Ingredients

  • 3 tablespoons unsalted butter
  • ¼ cup finely chopped scallions
  • ¼ cup minced shallots
  • 1 red bell pepper, seeded and finely chopped
  • ½ teaspoon dried thyme or 2 teaspoons fresh
  • ¼ teaspoon dried basil
  • 2 teaspoons finely grated orange rind
  • 1 ⅓ cups dry white wine
  • ½ cup water
  • 5 to 6 dozen fresh mussels, scrubbed and debearded
  • cup minced Italian parsley
  • Nutritional Information
    • Nutritional analysis per serving (4 servings)

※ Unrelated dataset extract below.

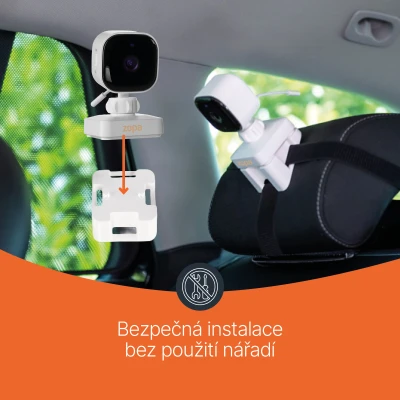 Zopa Digitální video monitor Home & Car 3v1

      366 calories; 14 grams fat; 6 grams saturated fat; 0 grams trans fat; 3 grams monounsaturated fat; 1 gram polyunsaturated fat; 15 grams carbohydrates; 1 gram dietary fiber; 2 grams sugars; 32 grams protein; 96 milligrams cholesterol; 766 milligrams sodium

    • Note: Nutrient information is not available for all ingredients. Amount is based on available data.

4 – 6 servings

Preparation

  1. Melt butter in a large stockpot or casserole. Gently cook the scallions and shallots until soft, add the remaining ingredients except the mussels and bring to a boil.
  2. Add the mussels, cover the pot and cook over medium-high heat until the mussels open, three to five minutes. Discard unopened ones.
  3. Remove mussels to a large heated bowl or platter, spoon the hot broth and vegetables over them, sprinkle with parsley and serve immediately.